The first sign that Sorella is not your average Italian restaurant is the quality of the cocktails.  In fact, some regulars will tell you to head straight for the caramel-rimmed “honey pot” and forego the red wine.  But for the traditionalists among us, I can attest that my Valpolicella was excellent.

At this point, my sister’s raving about the broccoli fritto had reached a frenzied pitch.  So we ordered two broccoli fritto for our party of four – the bare minimum really, because we scarfed those surreal, crunchy, morsels of delicious so fast that we probably could have each eaten our own serving.  I’m a big fan of anchovies, so we also ordered the acciughe al verde, a lovely mild and nutty take on the notoriously briny fish.

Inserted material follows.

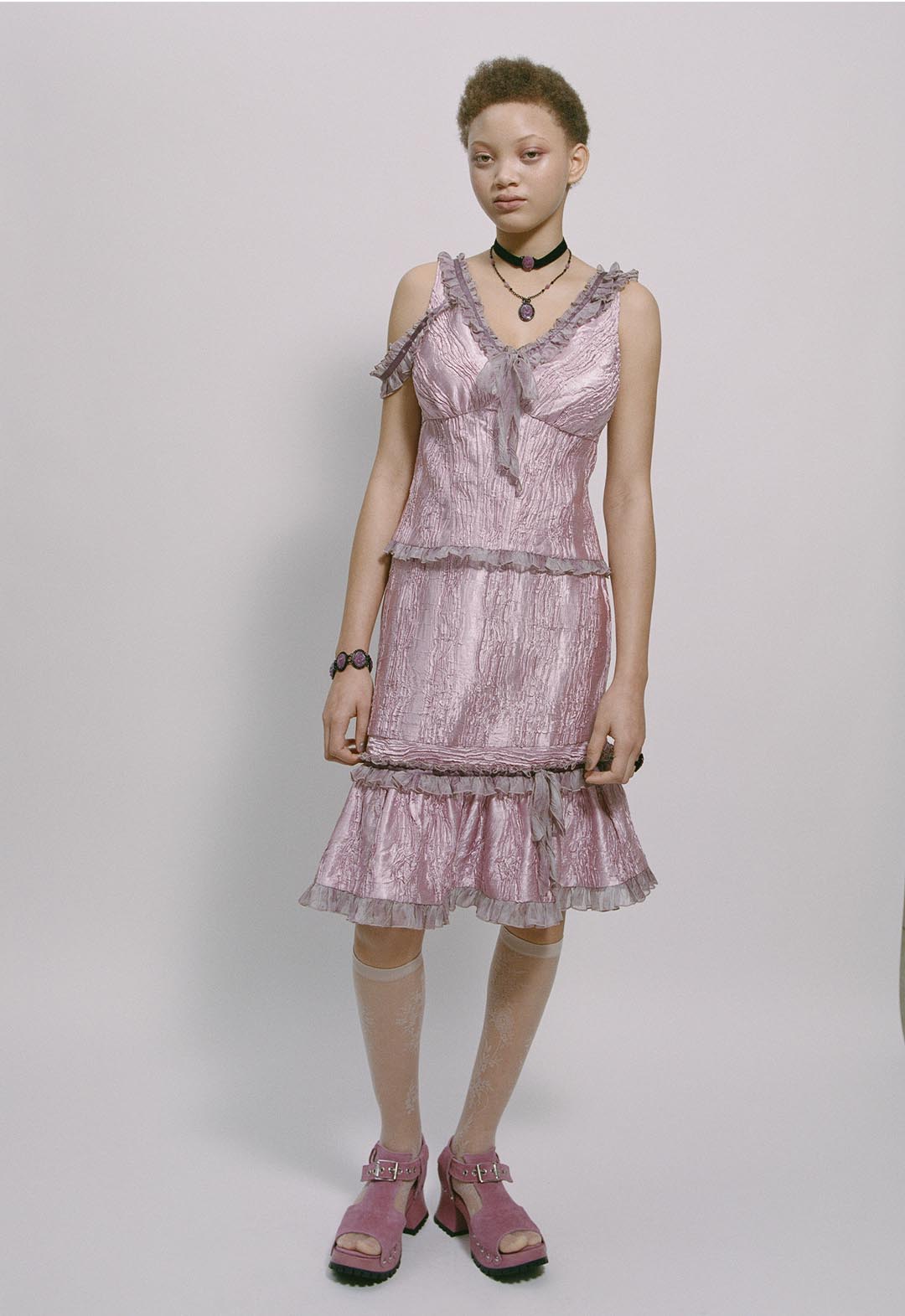 褶皱缎面荷叶边中长裙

For dinner, it was pasta all around.  Beef short rib agnolotti - tiny fresh pasta pockets of robust, savory meat.  Porcini & pancetta pici - absolutely heavenly (salty umami) but I'd struggle to eat a whole plate alone.  The special, venison and chestnut stracci with hen of the woods mushroom & brussel sprout leaves - a hearty dish, ideal for anyone coming in from the bitter cold.  And the pièce de resistance, impossibly fluffy pearls of gnocchi tossed with bright, sweet pears in nutty brown butter.

To have lived through two such gorgeous, surprising, and savory courses should be enough to make any diner content – but I couldn’t leave without trying the dessert.  Sorella makes gelato in-house, and the coppa di gelati does the restaurant proud.  My favorite scoop contained chocolate covered pretzels, a non-traditional but irresistible take on the creamy treat.  We also chose to share the ‘bicerin’, a light chocolate pudding topped with rich espresso fudge (and accompanied by homemade whipped cream).  As an adult who still fantasizes about the Jello chocolate pudding of my youth, this was a revelation – an elevation of simple childhood indulgence.

To say I am fond of Sorella is an understatement.  (In fact, I selfishly toyed with the idea of not writing about the restaurant, in hopes that there will always be an open table left for me.)  But as with all good things, Sorella should be shared – eagerly and often.  Except for the grissini (hand rolled breadsticks) that is.  You can get your own cornetto.